Key Specifications of the FZ1200R16KF4
| Absolute Maximum Ratings (TC = 25°C unless otherwise specified) | |
|---|---|
| Collector-Emitter Voltage (VCES) | 1600 V |
| DC Collector Current (IC,nom) at TC=80°C | 1200 A |
| Repetitive Peak Collector Current (ICRM), tP=1ms | 2400 A |
| Gate-Emitter Voltage (VGES) | ±20 V |
| Total Power Dissipation (Ptot) at TC=25°C | 9.6 kW |
| Electrical & Thermal Characteristics (Tvj = 125°C unless otherwise specified) | |
| Collector-Emitter Saturation Voltage (VCEsat) at IC=1200A, VGE=15V | 3.1 V (typ.) / 3.6 V (max) |
| Gate Threshold Voltage (VGE(th)) | 4.5 V to 6.5 V |
| Maximum Operating Junction Temperature (Tvj op) | 150°C |
| Insulation Test Voltage (VISOL) | 4 kV (RMS, f=50Hz, t=1min) |
Note: These specifications are highlights. For comprehensive data, refer to the official datasheet.

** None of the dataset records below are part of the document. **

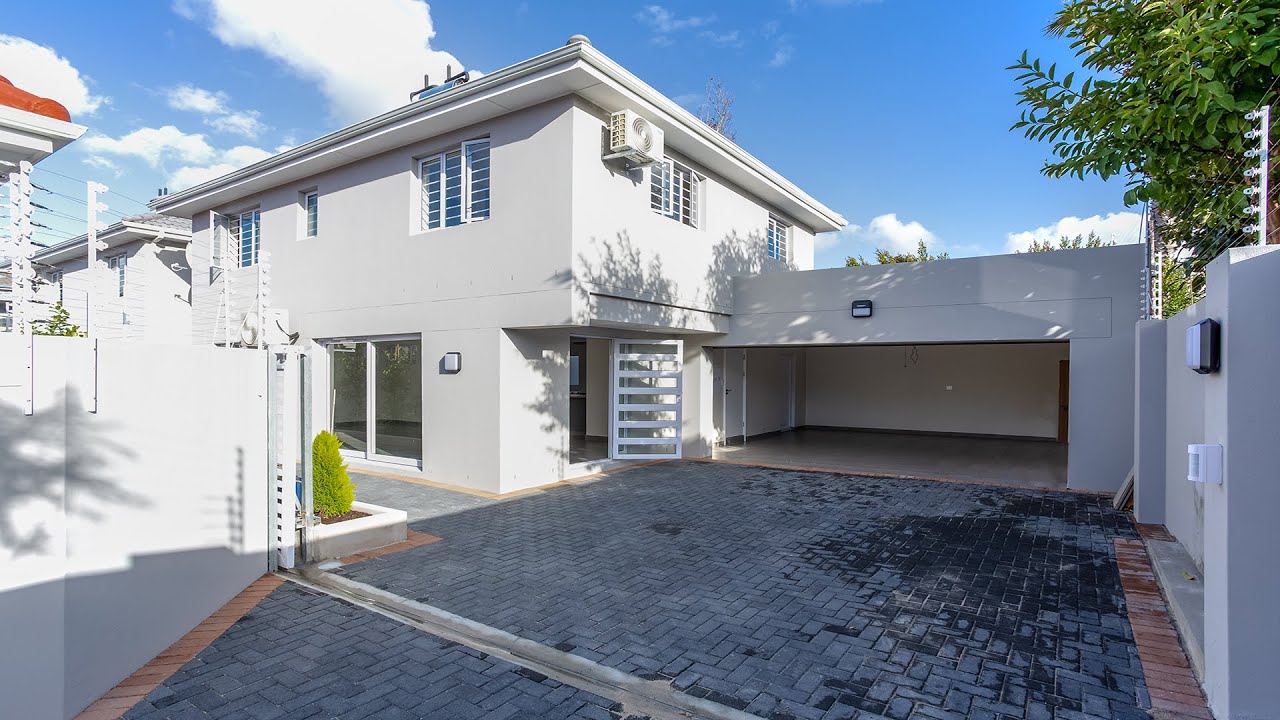 3 Bedroom Townhouse To Rent in Rondebosch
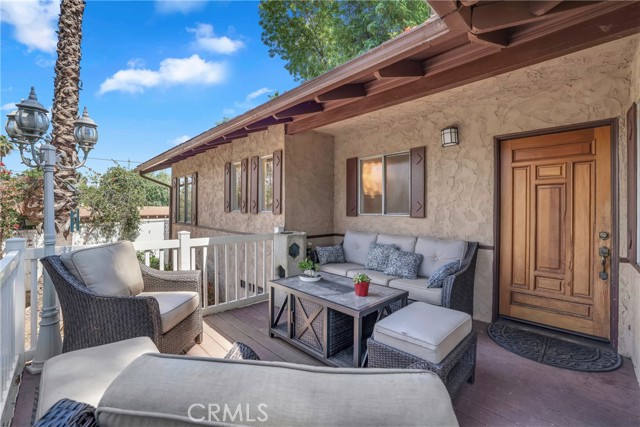 120 Franklin Avenue, Redlands CA: https://media.crmls.org/medias/6c558c0f-cc63-4232-afa0-f6c092e0687c.jpg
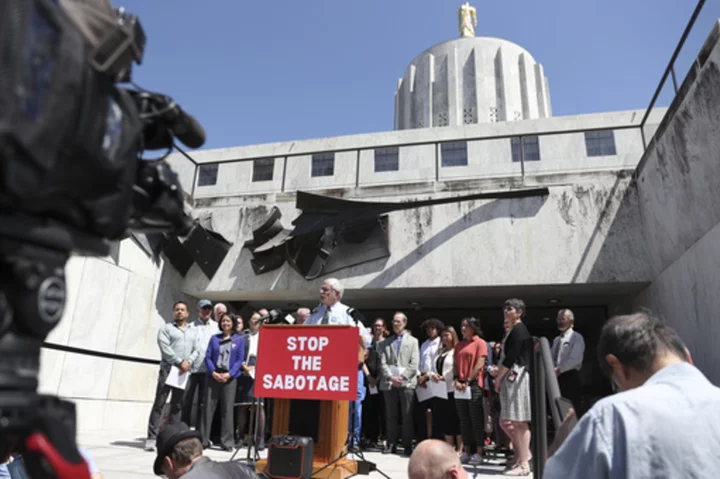 Democrats: Lives could be lost due to Republican walkout in Oregon Legislature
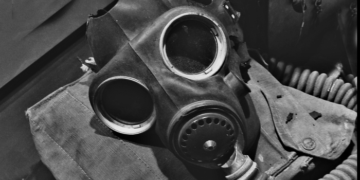 Estudo publicado na The Lancet identifica 17 ameaças para a humanidade nas próximas décadas, incluindo pandemias, mudanças climáticas, guerra nuclear e inteligência artificial.
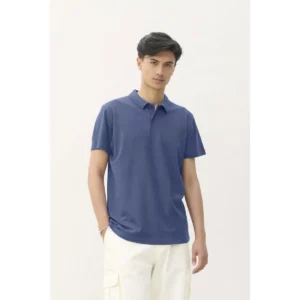 Polo Sol’s PULSE azul, vestido por un modelo, vista frontal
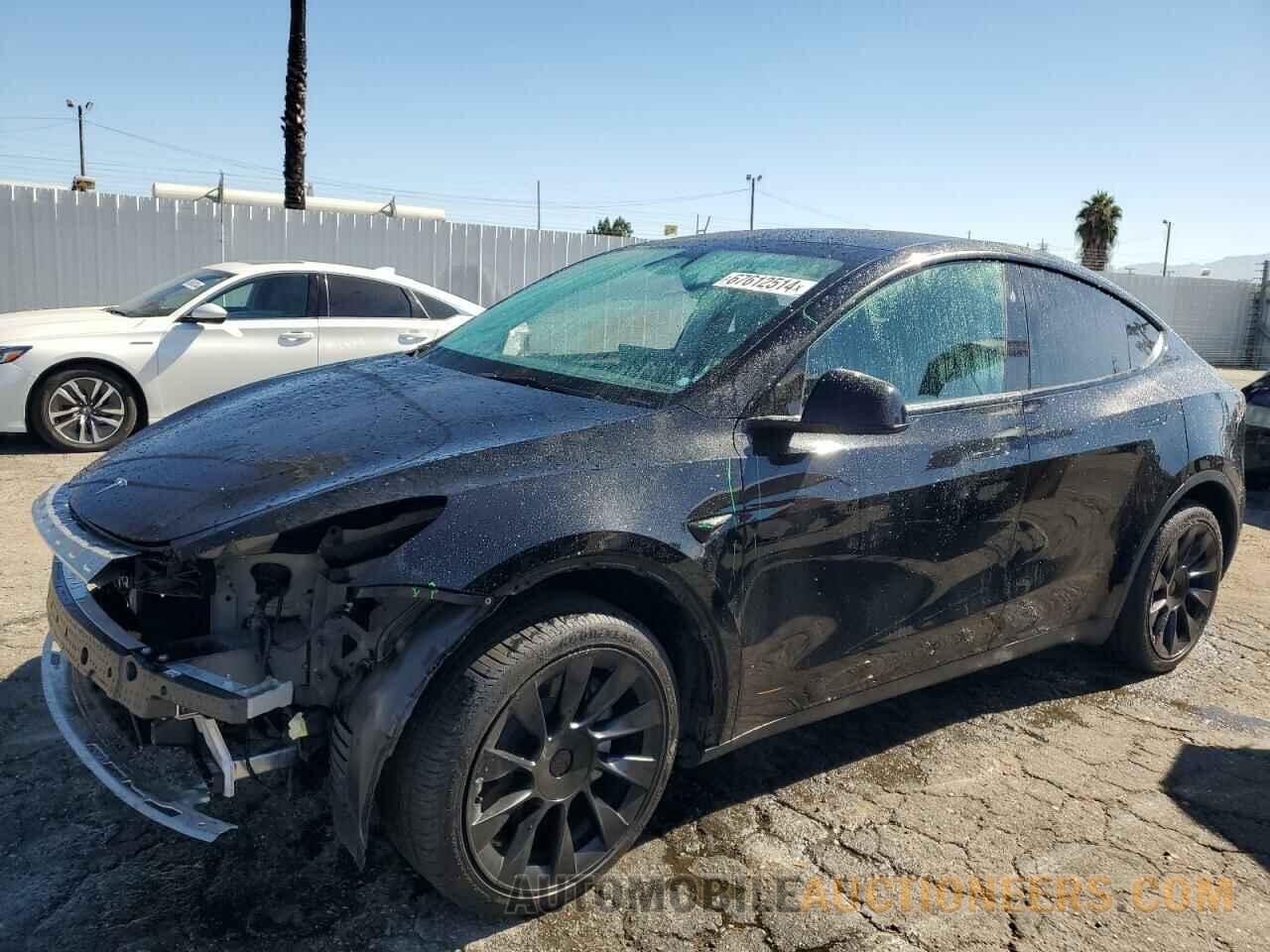 7SAYGDEE6RA215519 TESLA MODEL Y 2024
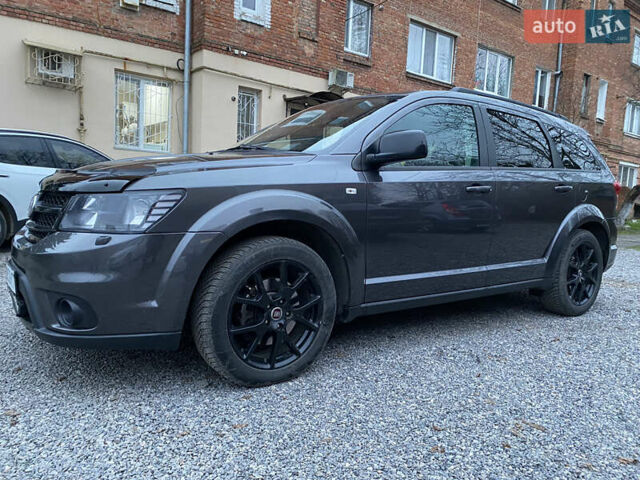 Сірий Фіат Фрімонт, об'ємом двигуна 1.96 л та пробігом 208 тис. км за 12900 $, фото 10 на Automoto.ua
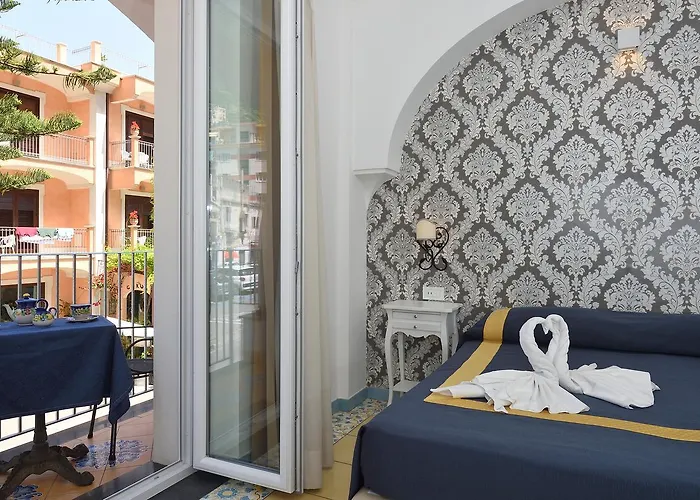 Hotel7bello فندق مينوري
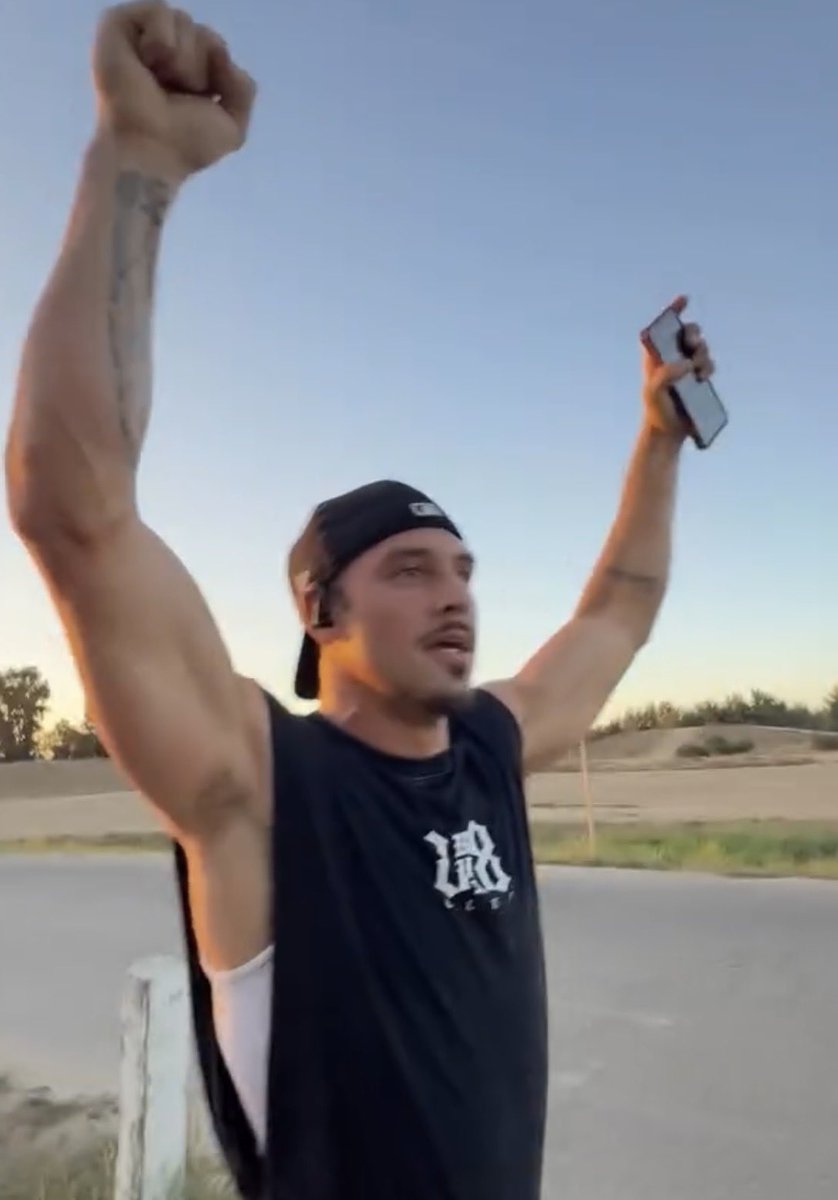 Krys_Dee's tweet photo. OH GOD HIS ARMS FUCKING WOW https://t.co/702cTOKEJg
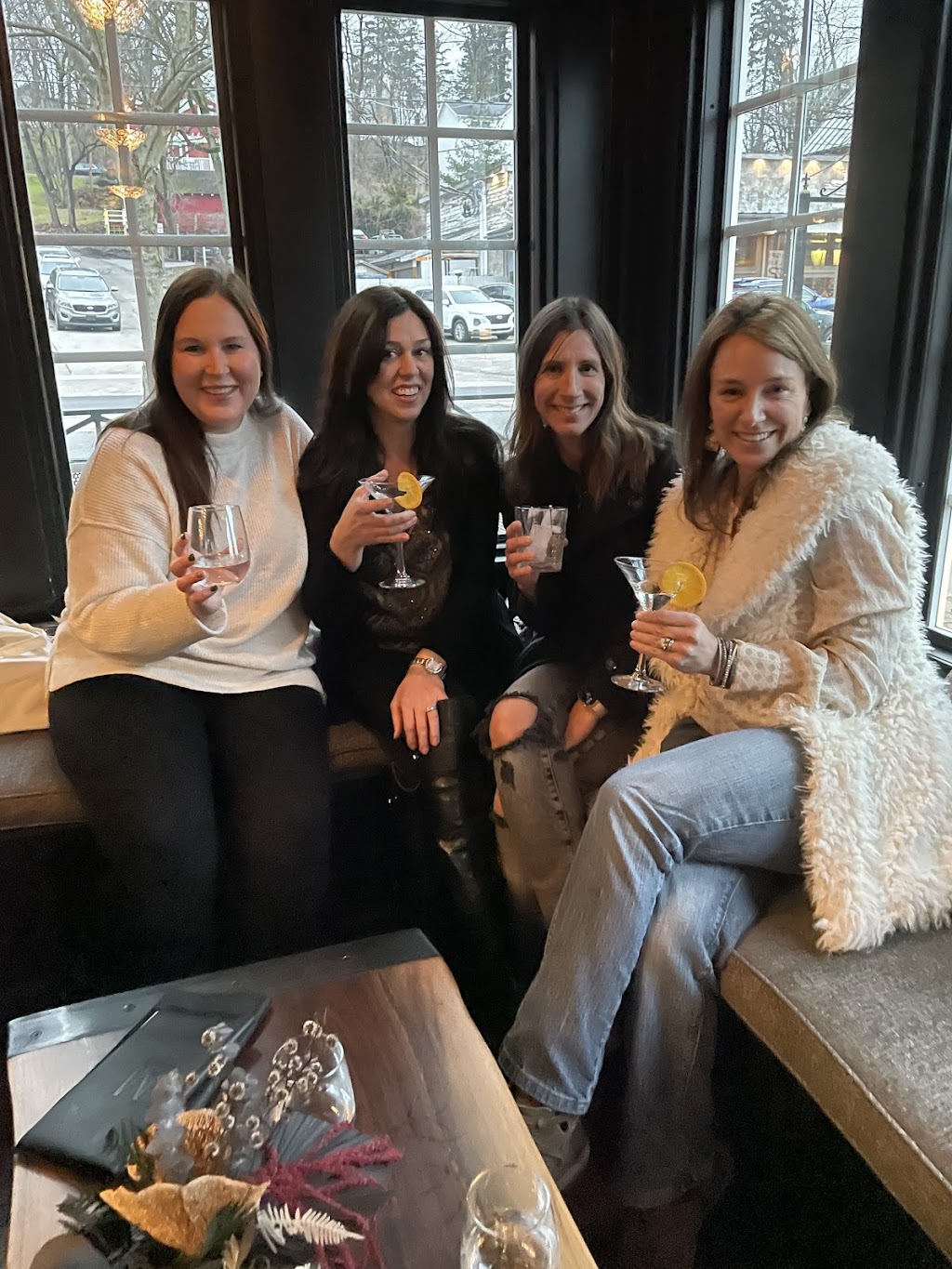 M Bevy | restaurant | 87 West St, Chagrin Falls, OH 44022, USA | 4406007189 OR +1 440-600-7189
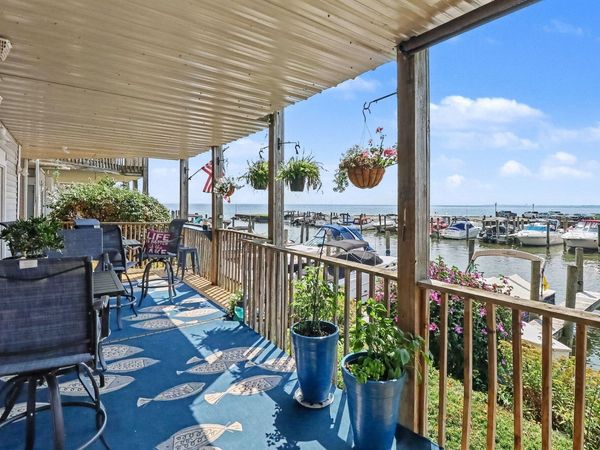 37522 Jefferson Avenue, Unit 103, Harrison Township, MI 48045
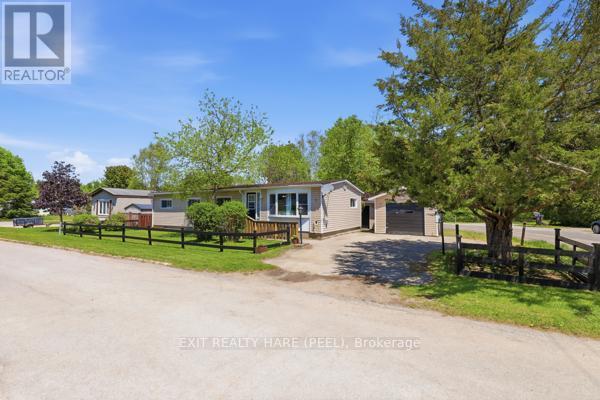 1 Centre Park Street, Essa, Ontario  L3W 0A5 - Photo 3 - N13431576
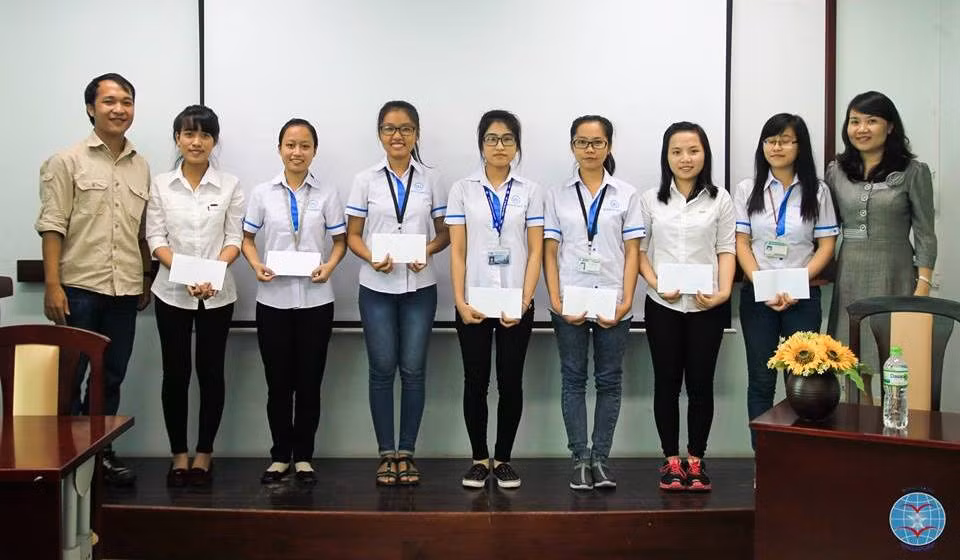 En Singapur gala de recaudación de fondos para estudiantes vietnamitas desfavorecidos ảnh 1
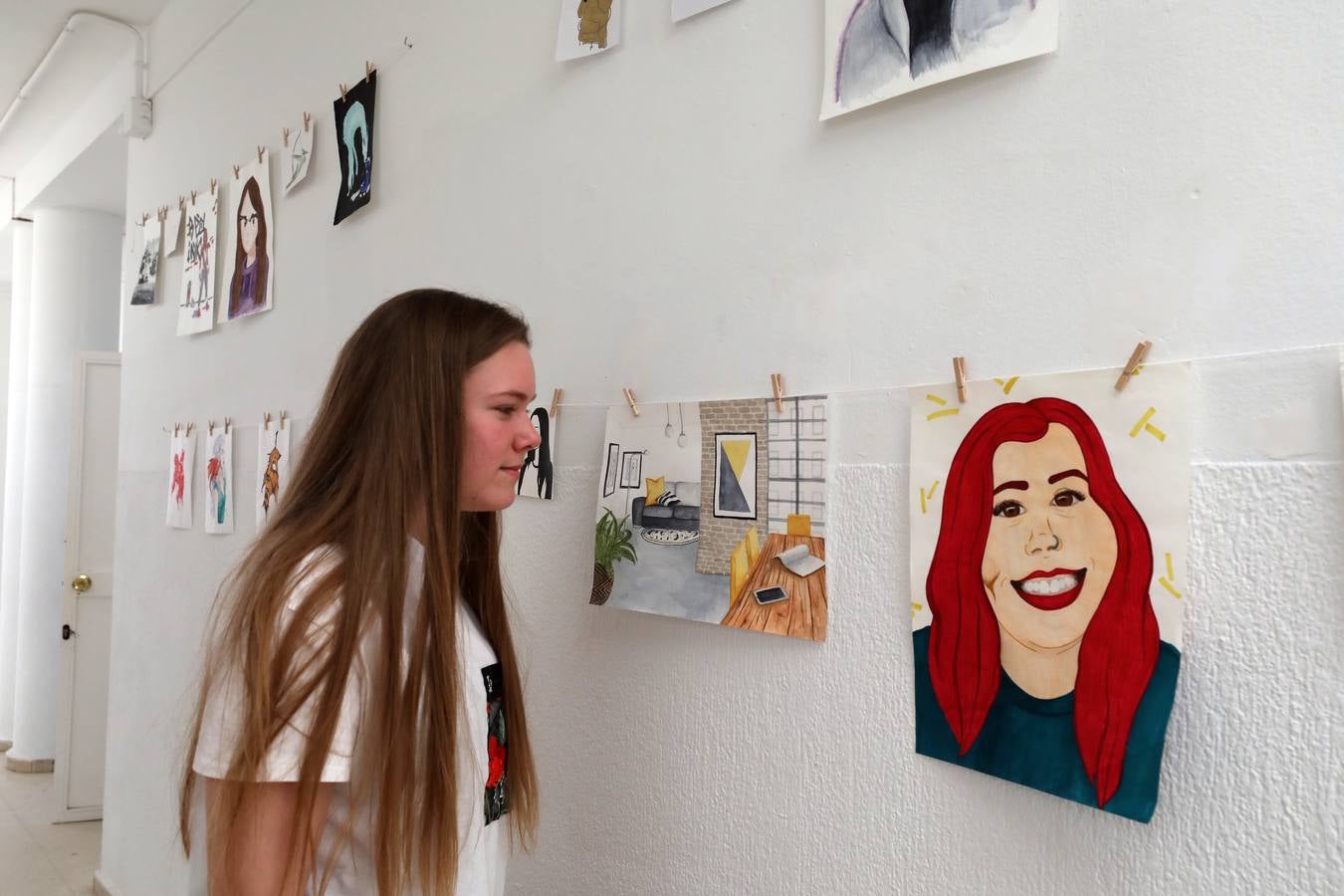 La exposición que reúne más de medio centenar de piezas escultóricas y que podrá visitarse hasta el próximo 10 de junio en horario de mañana en la Sala de Exposiciones de la Escuela de Arte y Superior de Diseño de Mérida. Las obras han sido realizadas por alumnos de la asignatura de volumen de 1º de Bachillerato y los Ciclos Formativos de Reproducciones Artísticas en Piedra y Cerámica Artística.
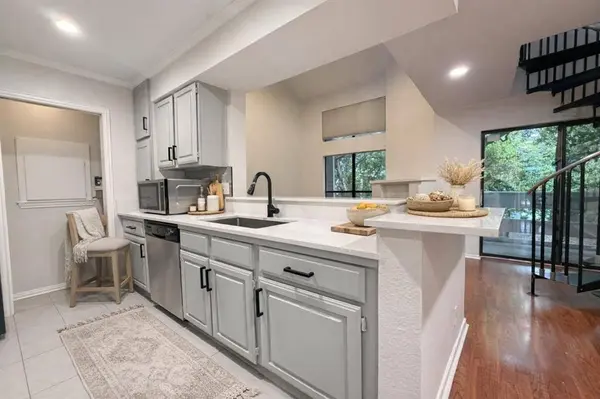 5840 Spring Valley Road #602, Dallas, TX 75093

Engineer’s FAQ for FZ1200R16KF4
1. How does the 1600V rating benefit a wind turbine inverter design?
A 1600V rating provides a substantial safety margin against voltage spikes from the grid or the generator side. In wind applications, where grid stability can vary, this enhanced voltage blocking capability improves the long-term reliability and robustness of the inverter, reducing the risk of failure from overvoltage events. For more on this topic, see our article on technical bottlenecks in high-voltage IGBTs.
2. What are the key thermal management considerations for this 1200A module?
For a module with a 9.6 kW power dissipation capacity, thermal management is paramount. Key considerations include: selecting a high-performance heatsink, using a quality Thermal Interface Material (TIM) with low thermal impedance, and applying the correct mounting torque to the module’s baseplate to ensure a void-free contact for optimal heat transfer. Liquid cooling may be necessary to maintain the junction temperature below the 150°C maximum under continuous heavy loads.
3. What is the significance of the 4kV insulation test voltage?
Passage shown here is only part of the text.